ところが、だ。今年のソンクラーン2025では発砲事件、刺殺事件、交通事故といった深刻なトラブルが相次いで発生。楽しいはずの祭りが一転して、危険な状況へと陥った。旅行者にとっては、旅を安全に楽しむための「自衛意識」が欠かせない。
バンコク市内のイベント会場では発砲事件が発生し、20代の男性が死亡した。観光客が数多く集まっていた場所での出来事であり、人が密集する環境ではいつどこでトラブルが起きても不思議ではない。会場では非常口の場所を事前に確認し、混雑時には無理に近づかない。違和感を覚えたらスマートフォンを向けるのではなく、すぐに距離をとる判断が命を守るのだ。
タイ南部ではイベント中に乱闘が発生し、死傷者が出た。

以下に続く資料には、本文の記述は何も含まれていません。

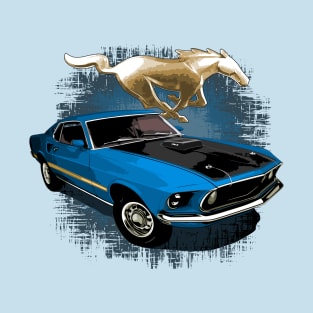 Blue 69 Mustang Mach 1 T-Shirt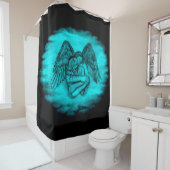 Angel Eros in Liefde, zwart en groen ontwerp Douchegordijn (In situ)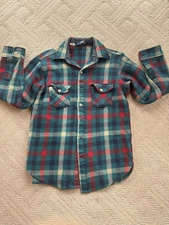 Vintage Woolrich Wool Overshirt Navy/Green/Red Plaid Size Large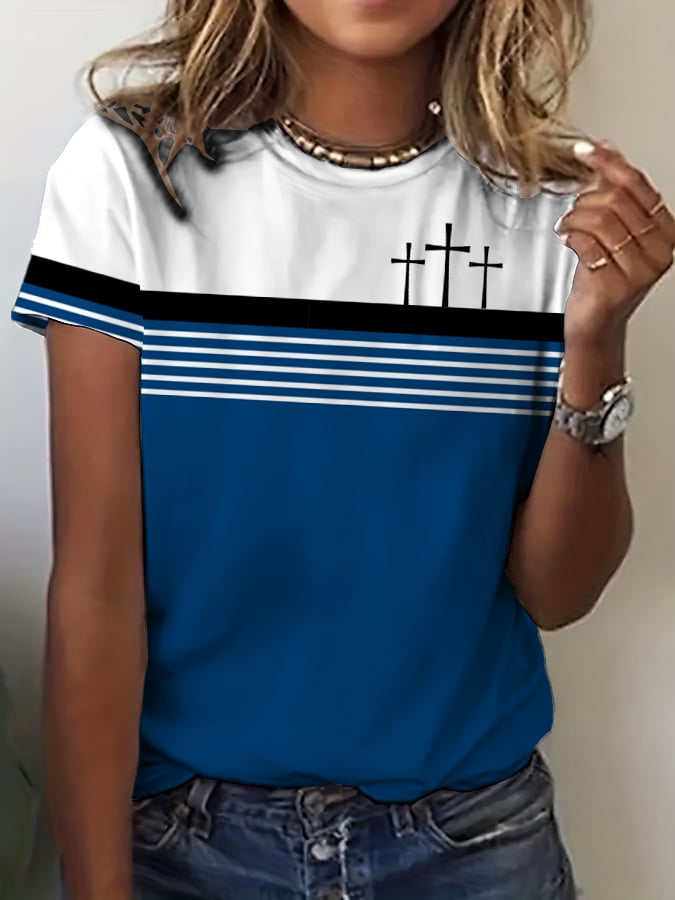 Women's Vintage Faith Print Crew Neck T-Shirt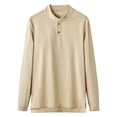 thumbnail image 1 of Bazeneo Mens Long Sleeve T Shirt Grandad Collar Button T-Shirts Regular Fit Smart Casual Tshirt Lightweight Tee Shirts for Men Breathable Lounge Tops Summer Fashion Menswear M-5XL, 1 of 3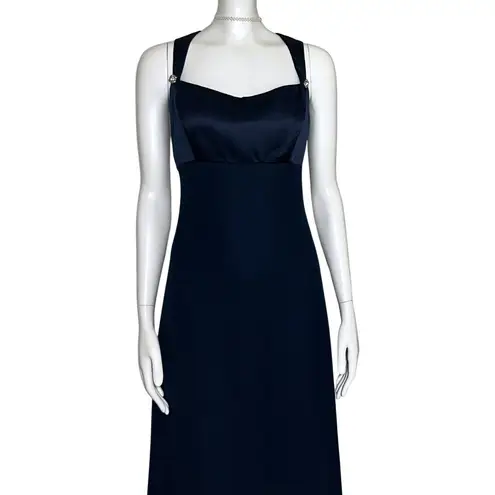 Alfred Angelo Vintage 90s Navy Long Formal Prom Dress Empire Waist Classic Black Tie Medium 8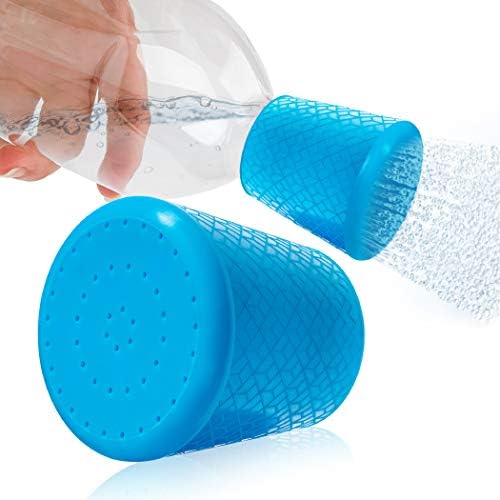 Impresa Water Bottle Attachment Shower Sprinkler Cap - Blue Silicone, 2-Pack, Fits 16oz-2L - Water Bottle Rinse Cap for Sand & Dirt Removal - for Camping & Hiking by IMPRESA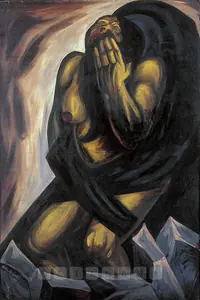 Gujral Satish Artist Condemned Oil on board 1957 Painting FineArts 00376631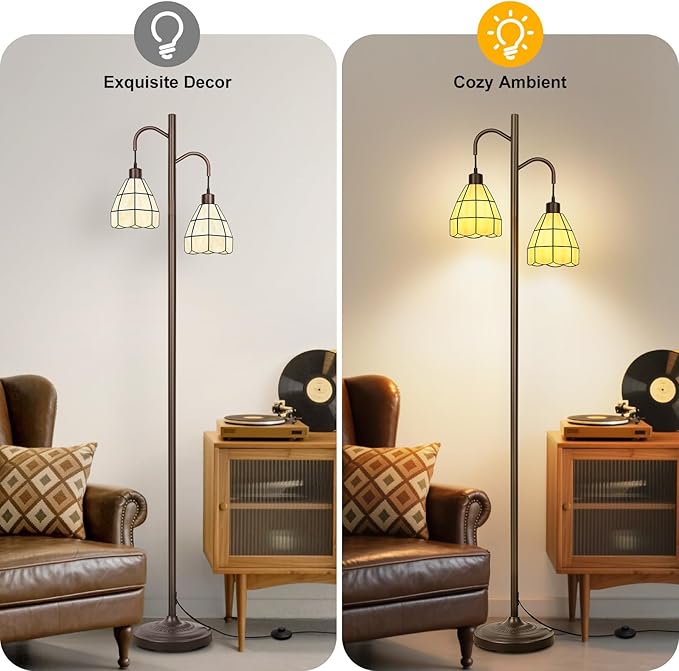 Floor Lamp with Dual Stained Glass Shades, Vintage Style Mid Century Tall Standing Lamp, Modern Farmhouse Decorative Corner Rustic Tree Light for Living Room Bedroom Home Office(E26 Base)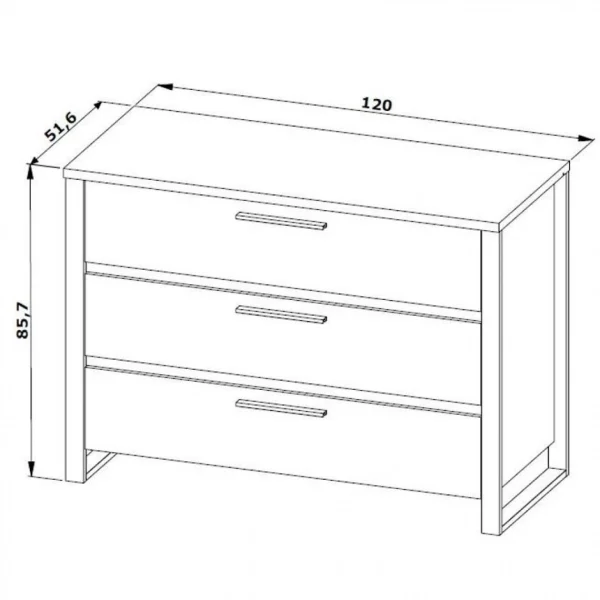 des prix incroyables Time Commode 3 Tiroirs DISTRICT Imitation Chêne Et Noir 5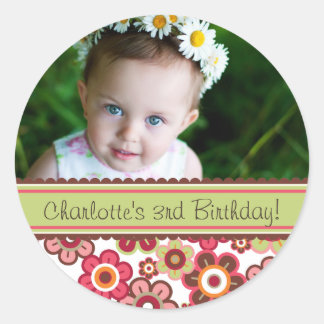 Sweet Candy Daisies Girl Birthday Photo Sticker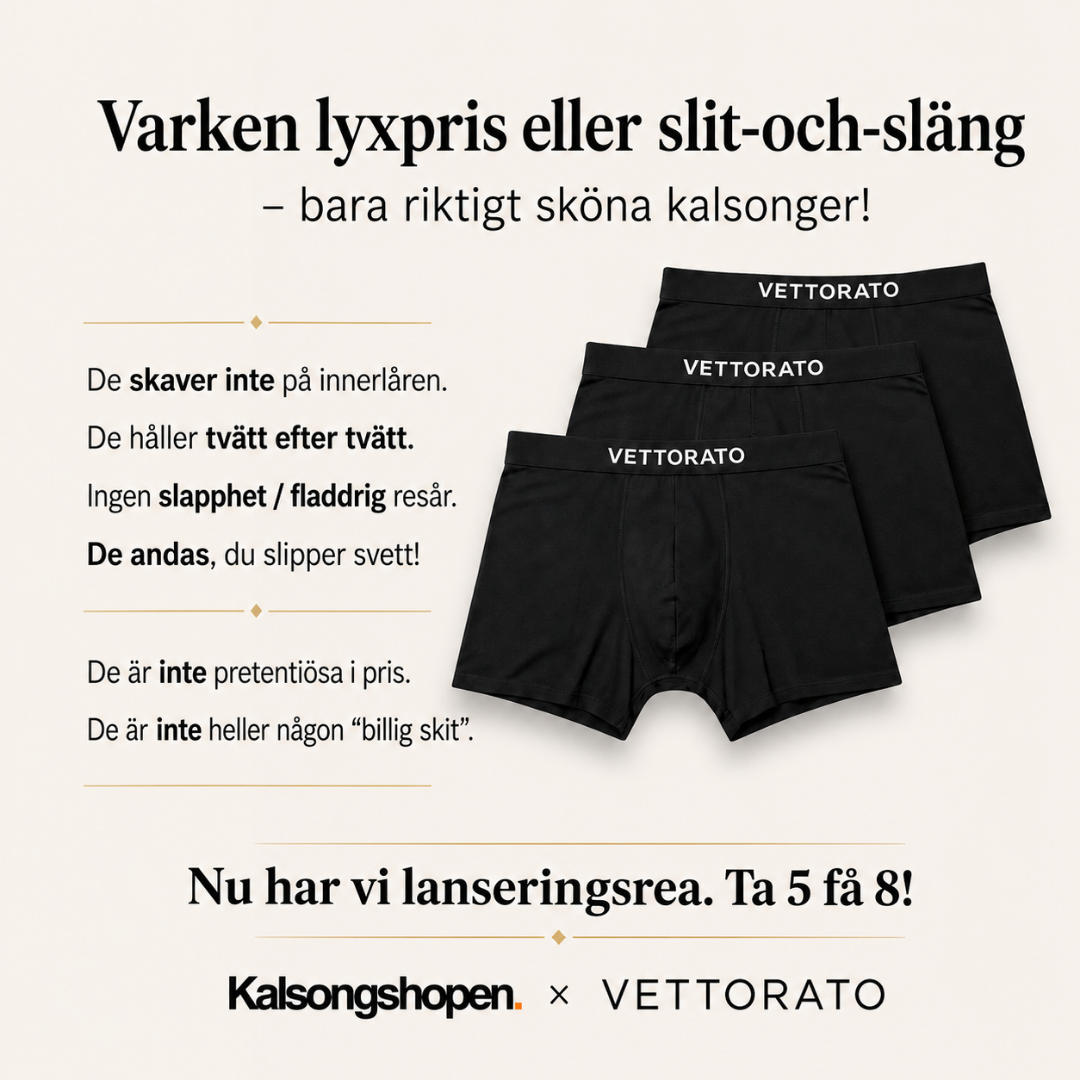 Kalsongshopen Facebook ad: Köp 5, få 8 kalsonger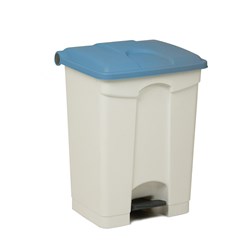 Pedal Bin Plastic White Base Blue Lid 70L Probbax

酒が入った集団や、ローカル色の強い夜間イベントでは特に注意が必要だ。可能であれば現地ガイドを同行させるか、複数人で行動したい。滞在中はSNSや在タイ日本大使館の公式サイトを通じて、最新の治安情報をチェックしておくことも重要となる。
ソンクラーン期間中には交通事故も多発し、わずか3日間で100人以上が死亡した。主な原因は飲酒運転やスピード違反、無免許運転だ。バイクタクシーの利用はできるだけ避け、配車アプリを使って信頼できるドライバーを選ぶようにしたい。後部座席でもシートベルトは必ず着用し、深夜・早朝の移動はなるべく控えた方がいいだろう。
旅先ではつい気分が高揚し、警戒心が薄れがちになる。しかし、特に家族やパートナーと訪れる旅行では自分だけでなく、大切な人を守る視点が求められる。安全な旅を実現させるべく「最悪を想定して備える」姿勢を常に持ちたい。